I got to thinking about that as I drove home. I believe I'd rather have had
him say that than, "He's our pastor," or "He's our preacher." He's our friend. I
am your friend, fellows, because I too am a sinner and Someone Who never sinned
offered his friendship to me.
Think about this for a minute. Our Lord, until His birth, had never been
around sin. Only one time had anybody ever sinned in the presence of our Lord.
That was when Satan sinned before the world was created, and he was cast with
his angels out of Heaven. Our Lord had never before been around a sinner. he
fellowshipped with the Father. He had had nothing to do with sinners. In John
17:5 He spoke to the Father, "Glorify Thou Me ... with the glory which I had
with Thee before the world was." What was it ? The fellowship with the Father.
He was ministered to by the angels and praised by the saints in Heaven. He had
seen sin only once. From eternity past, to the foundation of the world, until
Bethlehem, Jesus had seen sin only once. Then strangely and suddenly, He was
thrown into sin. I mean, He lived with sin, though He never sinned. His entire
life was occupied with sin from Bethlehem, and it will be so until the rapture.
Think of it! He, through Whose lips never came a bad word, into Whose mind never
lingered an evil thought, Whose feet never trod a sinful path, Whose eyes would
not even as much as look on sin, and Whose fellowship had been only with the
Father and with angels, suddenly is thrown into an occupation dealing with sin.
That biography of our Lord, from Bethlehem to the rapture, divides into three
distinct eras.
I. He Was Numbered With the Transgressors.
This part of Jesus' life started at Bethlehem and ended at Calvary.
At His birth He was numbered with the transgressors. Mary, His mother, and
Joseph, His foster father, were coming to Bethlehem. Why were they coming to
Bethlehem? They came to register their names. A census was being taken.

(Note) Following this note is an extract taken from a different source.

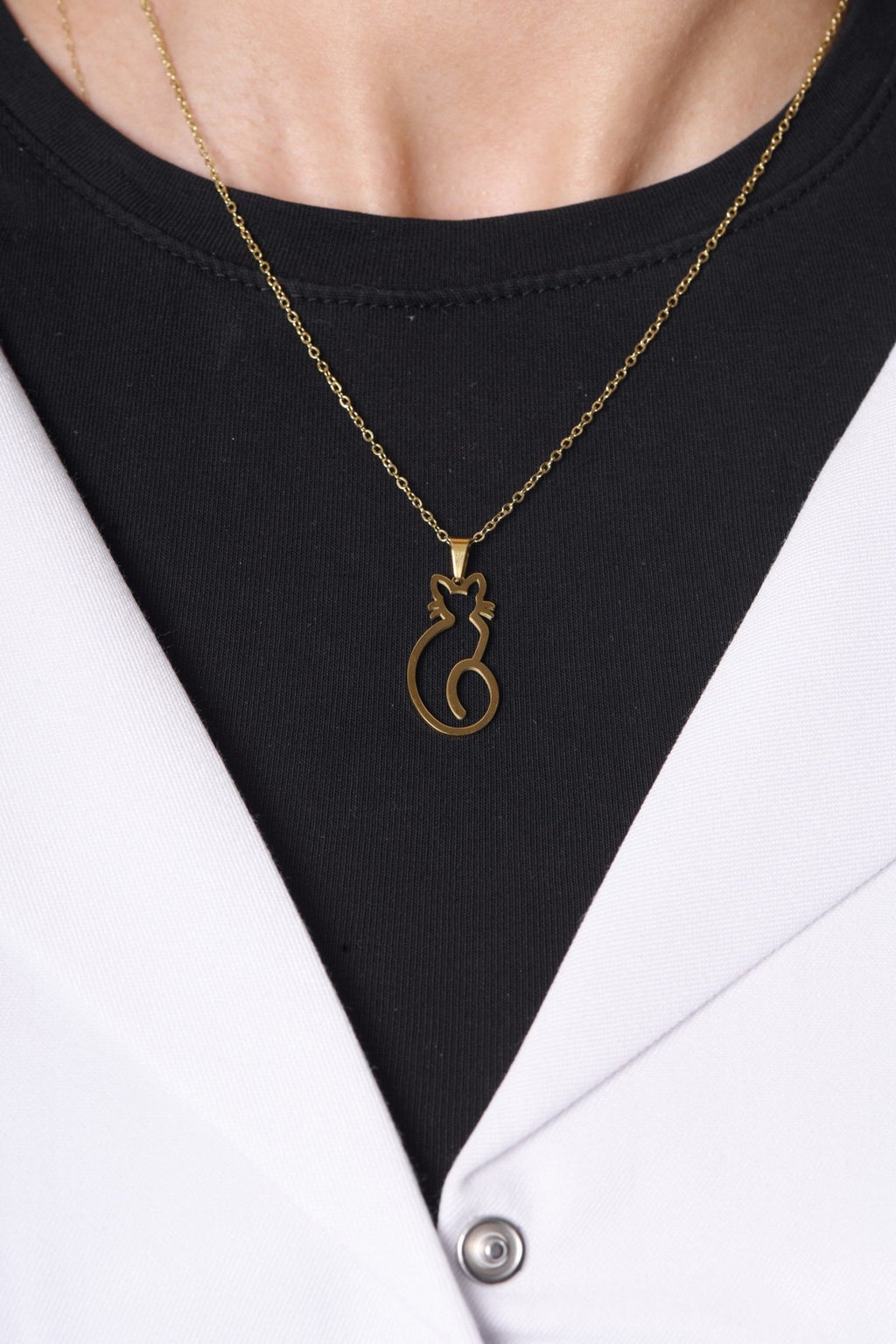 Cat pendant worn with a BALTO lab coat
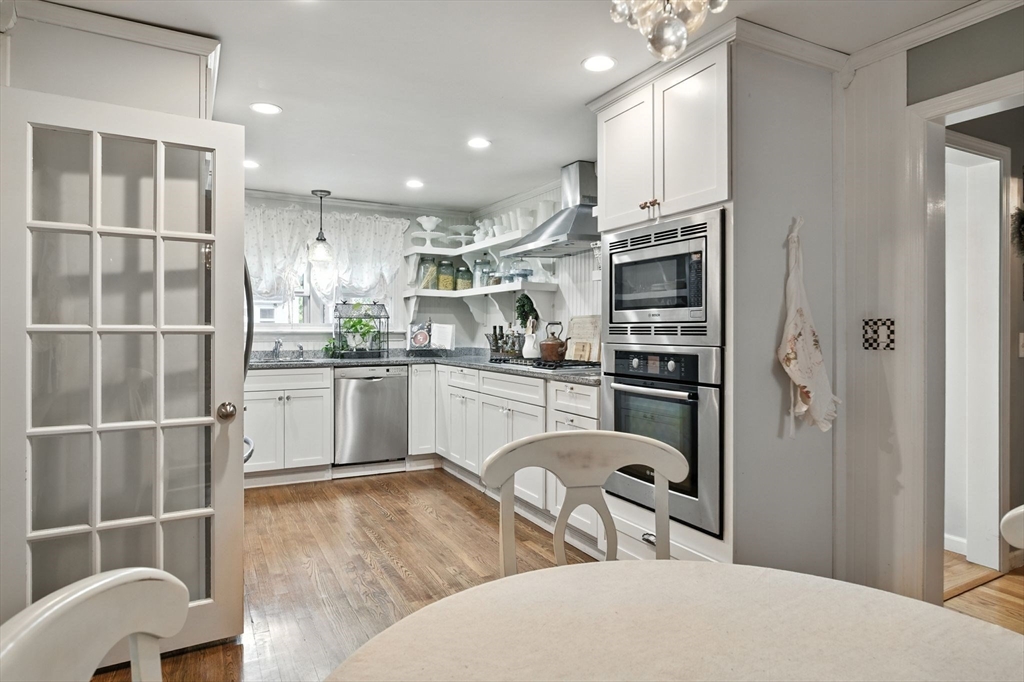 35 Plymouth Road Longmeadow, MA 01106 - Photo 15 of 41 a kitchen with stainless steel appliances granite countertop a refrigerator sink and cabinets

It says
in the English language that they were going to Bethlehem to be taxed. That is
not quite correct. A census was conducted and each person had to go to his own
capital city. Jesus in His birth was registered in Bethlehem. He was numbered
with sinners.
The very fact that He was circumcised numbers Him with sinners. Circumcision
was a rite administered to people because of their sins, admitting that one was
a sinner. Forgive me for being a bit blunt here, but the clipping of the wasted
skin pictured that the Christian ought not to have sin in his life. We ought to
be circumcised from sin, if you please. He was numbered with the transgressors.
Our Lord, by the fact that He was circumcised, showed the race that He was
identifying Himself with us: Jesus, a friend of sinners.
In Luke 5:27-29, Matthew, the tax collector, had just been converted. He
decided that he wanted everybody to hear about his new-found faith in Christ and
about his new-found Saviour. So Matthew had a meal and called all the publicans
and sinners together. He said, "Folks, I want you all to know that I am
resigning my position. I am leaving everything to follow Jesus Christ. I want
you to know Jesus." Jesus was there at that feast with a crowd of the most
motley people you ever saw in your life. There is Jesus sitting there, perhaps,
at the head of the table.
"Well," said the Pharisees, "He's a friend of sinners. He eats with sinners!"
I am glad He is. I am glad He does. I am glad He was willing to eat with
sinners. Our Lord said, "The whole hath no need of a physician. The sick people
need a doctor. I am the Great Physician. Here are the sinners. They need Me."
Our Lord defended the fact that He was a friend of sinners.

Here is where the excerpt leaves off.